Dash cam shows drunk Bluffton cop telling another officer to: “Just let me go”
The charge against a former Bluffton police sergeant who was arrested by his own agency and accused of drunkenly assaulting fellow off-duty officers at a local bowling alley in February was dismissed by a judge Thursday morning.
Brady Lee, who worked for the Bluffton Police Department seven years, was written a ticket for public disorderly conduct and booked into the Beaufort County Detention Center on Feb. 24, The Island Packet previously reported.
Lee resigned in lieu of termination, according to documentation from the S.C. Justice Academy, weeks after the incident and just days after an internal investigation found that he violated five of the department’s codes of conduct.
The 14th Circuit Solicitor’s Office — which typically does not prosecute misdemeanor cases at the magistrate level — prosecuted the case because the Town of Bluffton and Bluffton Police Department asked it to do so, Solicitor’s Office spokesperson Jeff Kidd said.
Typically, cases like Lee’s would be prosecuted by a town attorney or the officer who issued the ticket.
Lee’s defense attorneys, John Rakowsky and Tabor Vaux, argued the charge should be dismissed because the crime was not “freshly committed or committed in the presence of a law enforcement officer,” which is required by S.C. law when a uniform traffic ticket is written during an arrest on a misdemeanor offense in the jurisdiction of a magistrates court.
According to a timeline presented in court, the violation occurred at 10:30 p.m., and the ticket was signed by Lt. Joe George more than three hours later.
George, who was the only person to testify in court Thursday, said he did not witness the incident but received a call around 1 a.m. or 1:30 a.m. to come to the Bluffton Police station, where Lee was in custody. Once there, he said he conducted an investigation by speaking with officers who were present during the violation then signed the ticket.
George said that, because Lee was a current Bluffton Police officer, investigators attempted to get another law enforcement agency, such as the Beaufort County Sheriff’s Office, to take over the case. They were unable to do so that night.
The command staff decided to have the supervising officer, George, be listed as the arresting officer on the paperwork instead of officers who witnessed the violation because they were equal to or lower in rank than Lee, Bluffton Police spokesperson Capt. Joe Babkiewicz said Thursday.

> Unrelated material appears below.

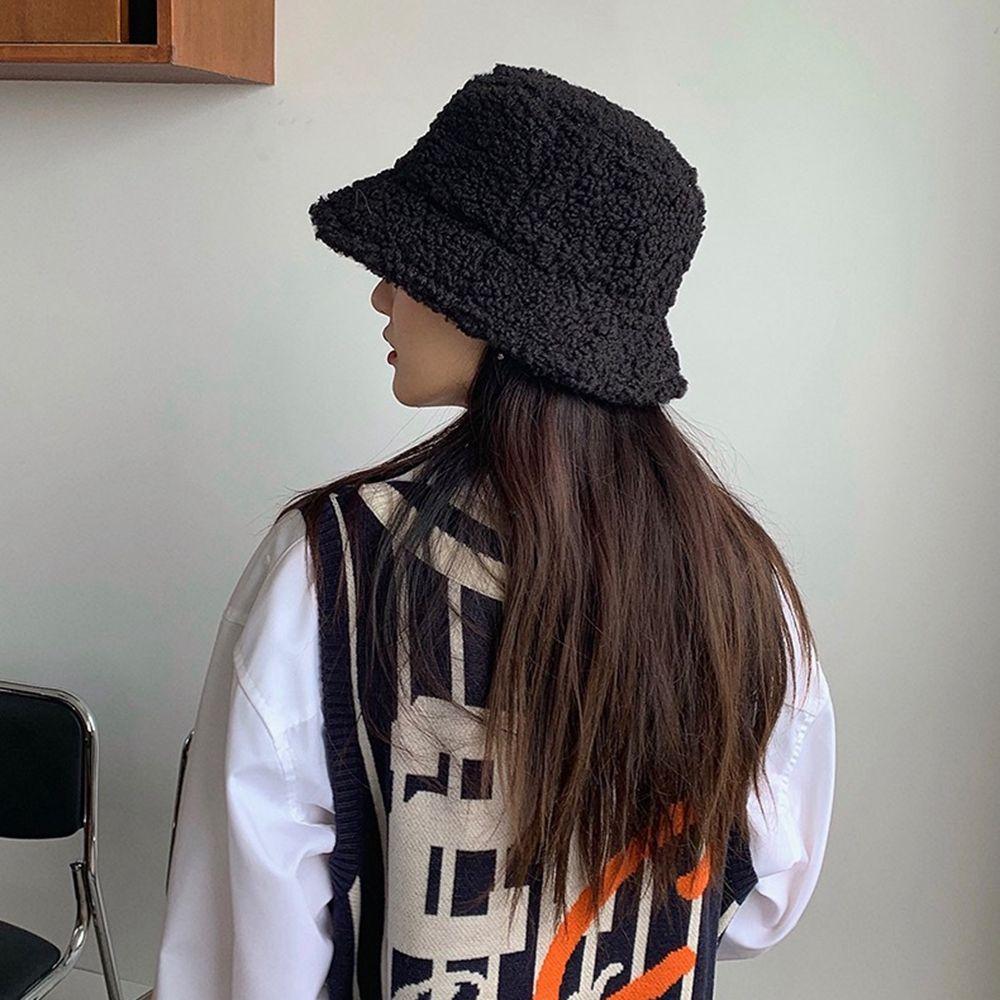 Girl Lamb Plush Autumn and Winter Korean Style Caps Pure Color Caps Lambwool Bucket Hat Female Hats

“We wanted our supervisor to handle it,” Babkiewicz said. “Typically, we don’t want to be put in that situation, but, unfortunately, having another agency look into it was not an option that night.”
In the end, Bluffton Magistrate Court Judge Jose Fuentes dismissed the charge, saying the arresting officer should have obtained an arrest warrant instead of issuing a ticket.
Although it’s possible that Lee could be indicted at the general sessions level, the state usually only pulls charges up from the magistrate court to general sessions if it’s attached to a felony charge, Kidd said. Lee’s charge was a misdemeanor.
Lee would not comment on Thursday.
Rakowsky also would not comment, saying only, “The facts in the courtroom speak for themselves.”